Dass die Intelligenz der Schweine mit jener der Hunde mithalten kann – wo sie diese nicht gar übertrifft – macht uns Richard Lutwyche über mehrere Vorstösse fasslich. Erst einmal, indem er die aktuellen zoologischen Erkenntnisse zu ihrer Kommunikation, Lernfähigkeit, ihrer Fähigkeiten der Problemlösung sowie ihrer ausgeprägten sozial-kognitiven Fertigkeiten nachvollzieht. Weiterhin, eher beiläufig, über verschiedene amüsante und aufschlussreiche, historische Anekdoten. Am überzeugendsten aber dadurch, dass er uns vorführt, bei welchen unterschiedlichen Aufgaben sie uns unterstützen können (und das auch schon verschiedentlich haben): Als Schafhüte-Schweine, Drogenschnüffler-Schweine, als Trüffelschweine natürlich oder auch – und zumindest uns am überraschendsten – als Jagdbegleiter und Vorsteh-Schweine.

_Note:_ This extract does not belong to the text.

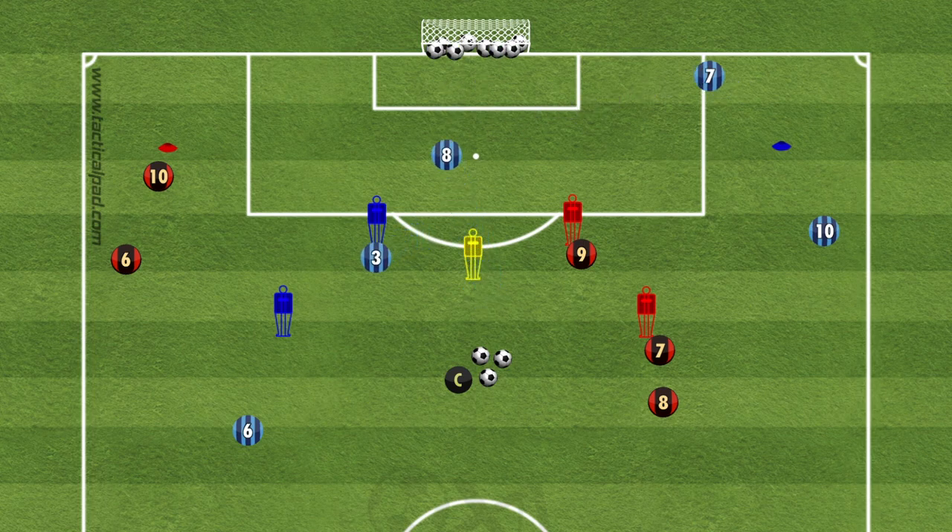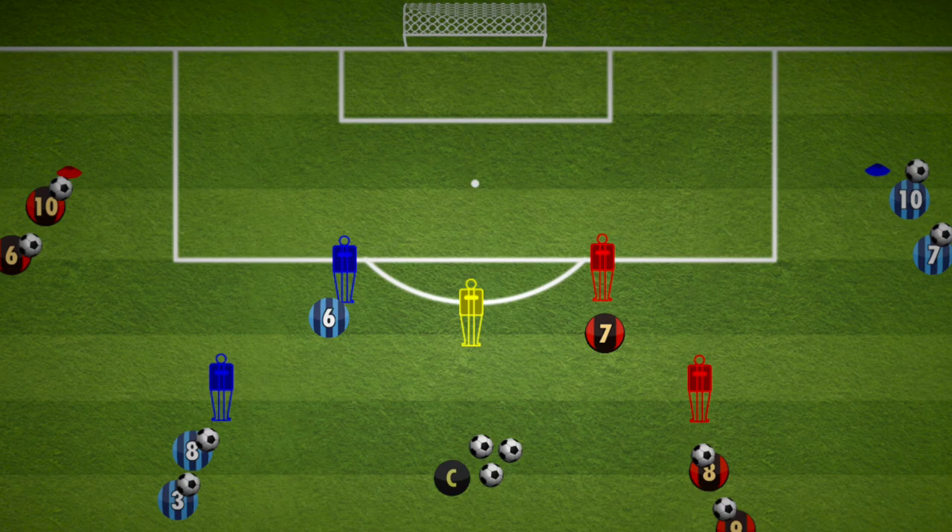So there's a two stage finishing drill for your attacking players: get a shot from a layoff, make an overlapping run into the box, and then finish from the cross. Have fun and good luck!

Die Argumente sind damit versammelt, die Verhandlung geschlossen; Richard Lutwyche hat uns mit seinem informativen und bemerkenswert attraktiven Buch von der Liebenswürdigkeit und dem unterschätzten Wert des Schweins umfassend überzeugt. Seiner zweiten Herzensangelegenheit des Erhalts alter Nutztierrassen gibt er dann noch einmal im Abschluss seines Buches Raum, in dem er uns 30 Schweinerassen aus aller Welt kurz porträtiert. Einziger Wermutstropfen (neben der Sache mit dem Hausschweinchen) ist somit, dass sich Richard Lutwyche – trotz aller engagierten Fürsprache für eine artgerechte Schweinehaltung – von der Vorstellung des Menschen als Vorsteher über die Tiere noch nicht weit entfernt hat. Da machte uns (die wir das aus unserer üblichen Lektüre gar nicht mehr gewohnt sind) seine fast ausschliessliche Beurteilung des Werts des Tieres als einem Nutzwert verschiedentlich stutzen. Wir empfehlen dieses Stutzen; aber auch, sich davon dann nicht aufhalten zu lassen. Das Buch erreicht in seiner grosszügigen Aufmachung und seiner fachlichen Kompetenz genau das, was es sich vorgenommen hat: Mittels erweitertem Wissen und Empathie das landläufige Bild des Schweins zu korrigieren und zu einem rücksichtsvolleren Umgang mit ihm anzuleiten.